▸ THE TASK
Return the lines of the listing below exactly as they appear, beginning at the one with "Jansen Reitjacke Crystal L Bordeaux" and stopping after the one with "オーデリック　ダウンライト［Ｍ形］ 調光・調色ベースダウンライト MINIMUM　マットブラック　【品番：XD"; do not include pictures.

▸ EXTRACTED INFORMATION
_ _ _ _
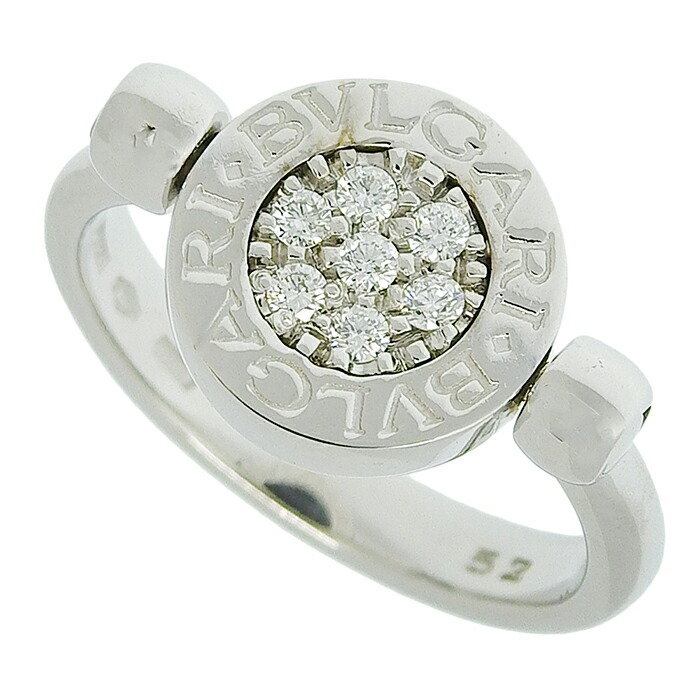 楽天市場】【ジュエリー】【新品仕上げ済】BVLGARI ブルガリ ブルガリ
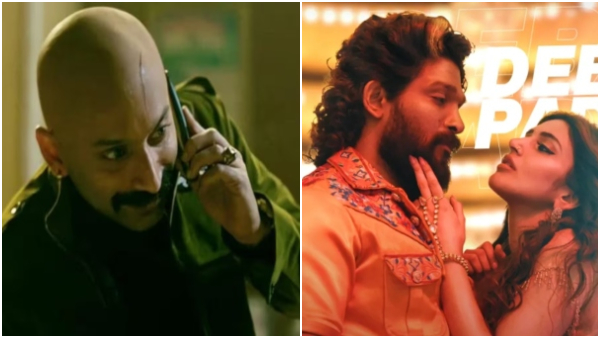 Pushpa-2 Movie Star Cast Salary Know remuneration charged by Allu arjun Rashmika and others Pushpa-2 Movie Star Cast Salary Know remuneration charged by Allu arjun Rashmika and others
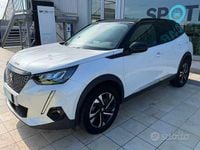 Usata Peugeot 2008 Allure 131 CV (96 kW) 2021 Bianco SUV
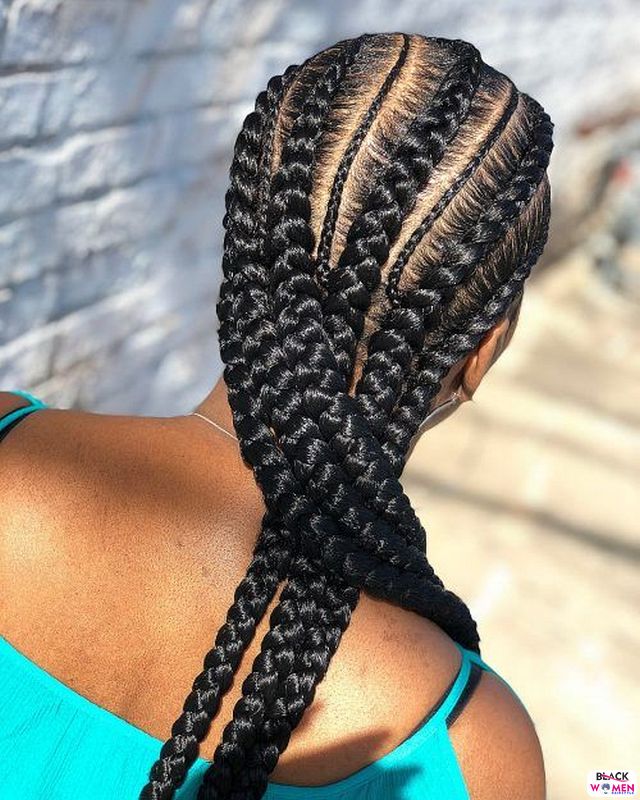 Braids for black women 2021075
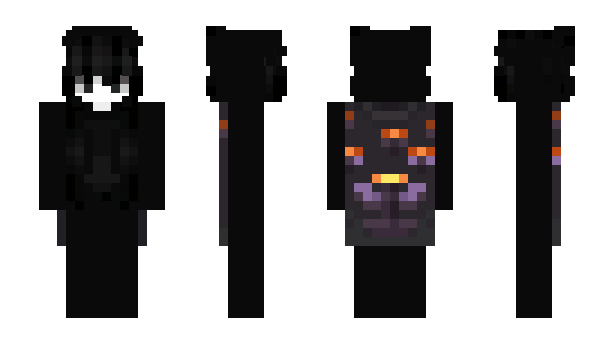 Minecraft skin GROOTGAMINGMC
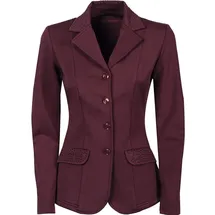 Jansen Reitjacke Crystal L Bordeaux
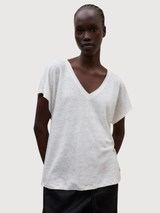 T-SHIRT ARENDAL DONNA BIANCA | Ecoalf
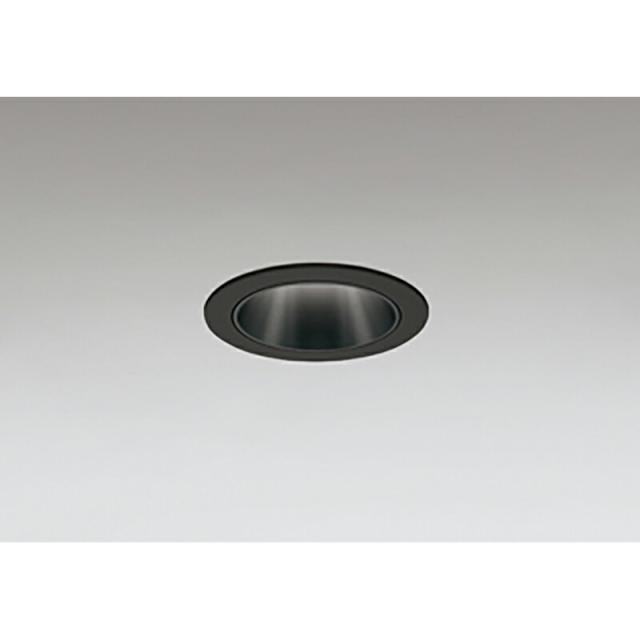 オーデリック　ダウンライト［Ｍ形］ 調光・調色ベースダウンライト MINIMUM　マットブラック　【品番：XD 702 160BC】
_ _ _ _
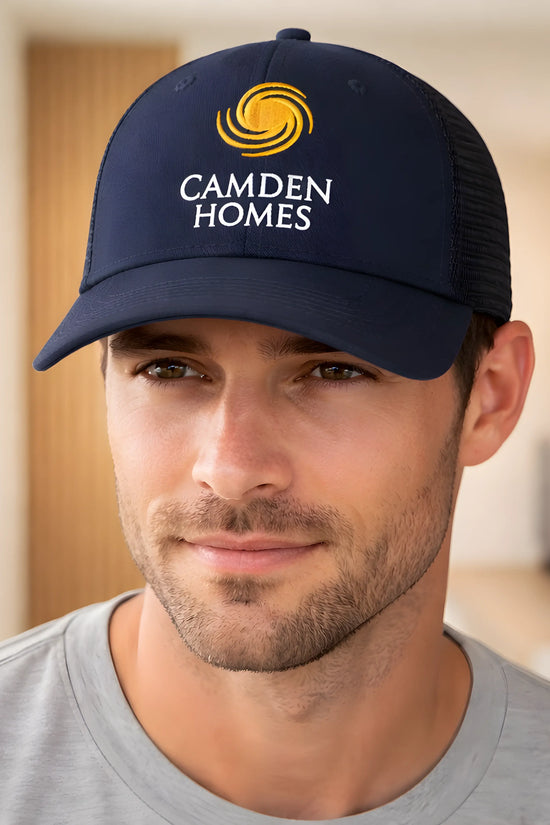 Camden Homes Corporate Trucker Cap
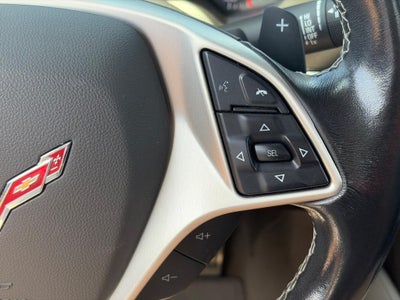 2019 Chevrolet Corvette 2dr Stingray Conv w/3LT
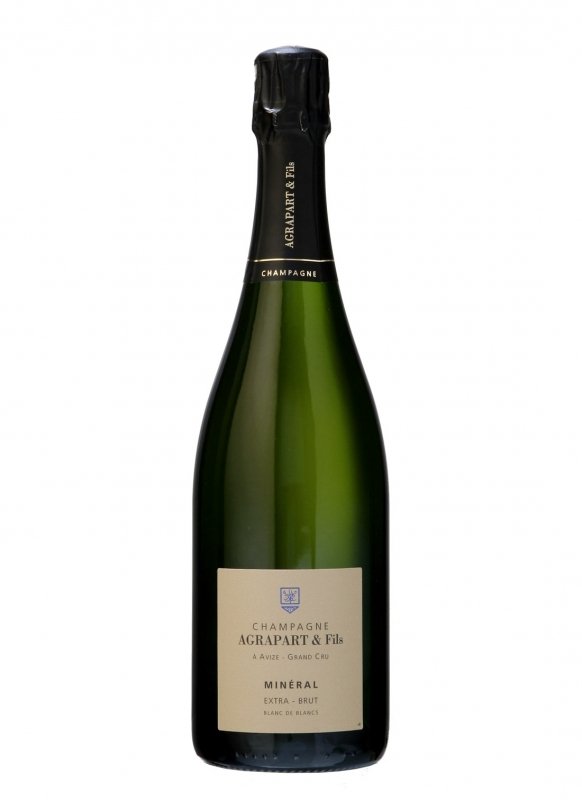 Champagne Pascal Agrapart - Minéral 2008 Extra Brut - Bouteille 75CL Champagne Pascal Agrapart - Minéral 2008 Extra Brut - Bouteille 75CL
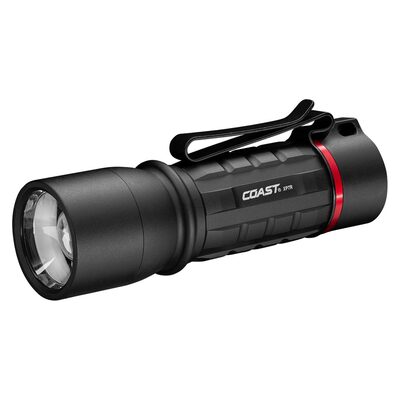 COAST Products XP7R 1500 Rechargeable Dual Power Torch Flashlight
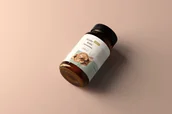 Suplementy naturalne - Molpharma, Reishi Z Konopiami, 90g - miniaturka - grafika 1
_ _ _ _
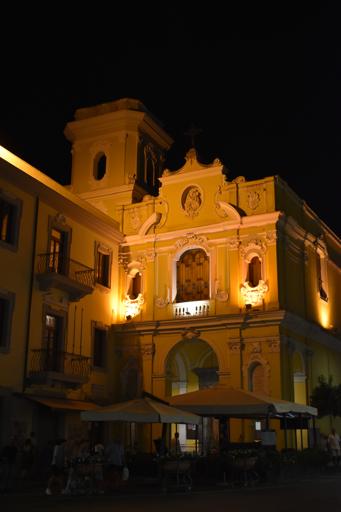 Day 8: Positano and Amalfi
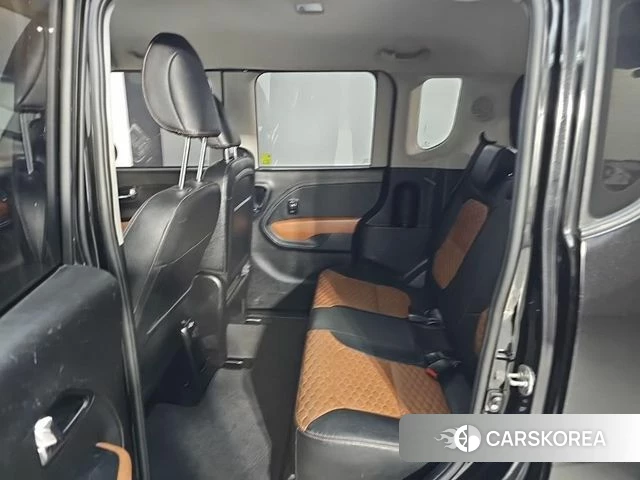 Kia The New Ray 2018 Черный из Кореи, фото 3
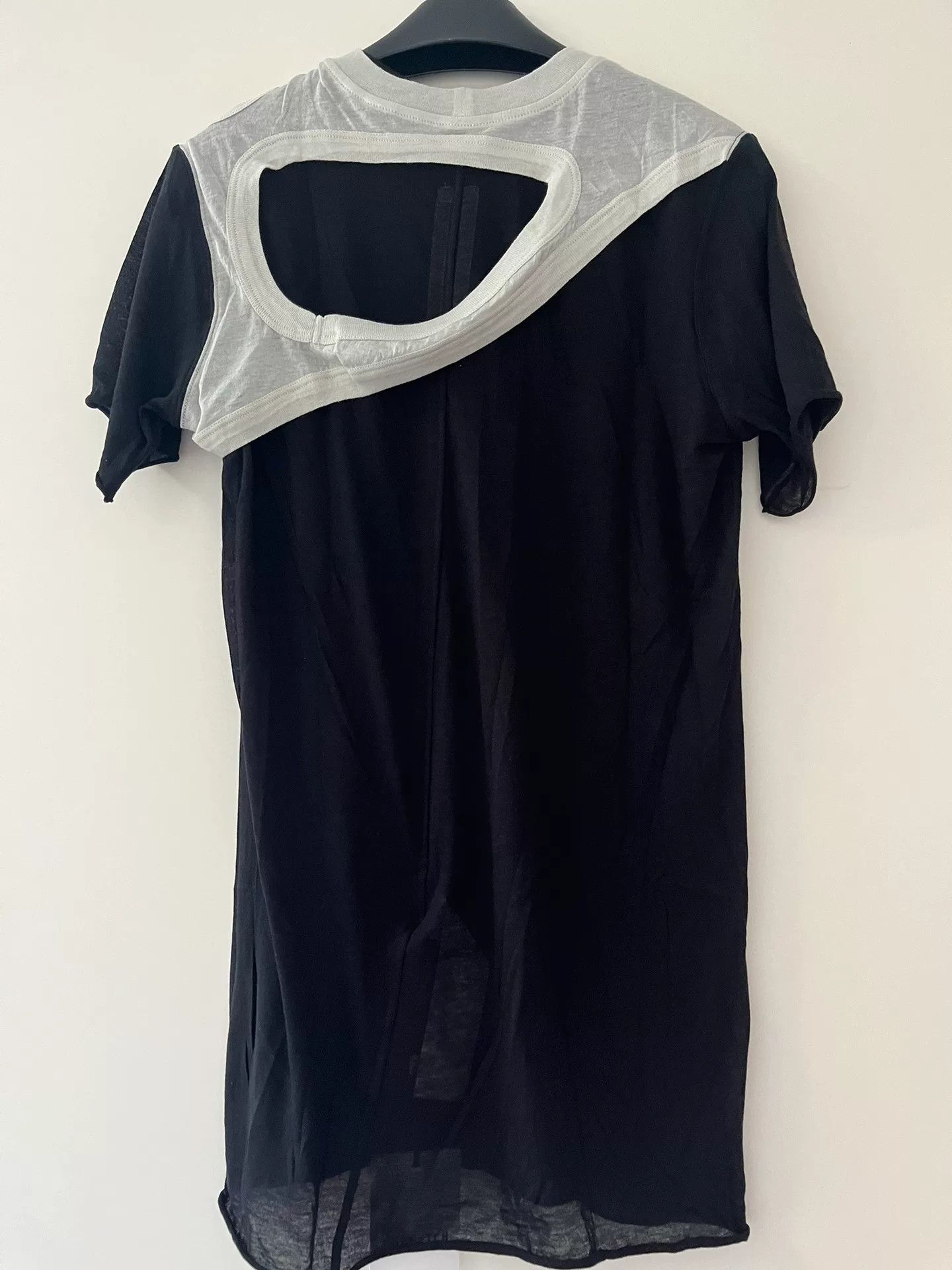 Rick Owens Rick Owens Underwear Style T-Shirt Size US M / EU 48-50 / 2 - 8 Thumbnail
_ _ _ _
▸ YOUR SOLUTION
 Jansen Reitjacke Crystal L Bordeaux
 T-SHIRT ARENDAL DONNA BIANCA | Ecoalf
 オーデリック　ダウンライト［Ｍ形］ 調光・調色ベースダウンライト MINIMUM　マットブラック　【品番：XD 702 160BC】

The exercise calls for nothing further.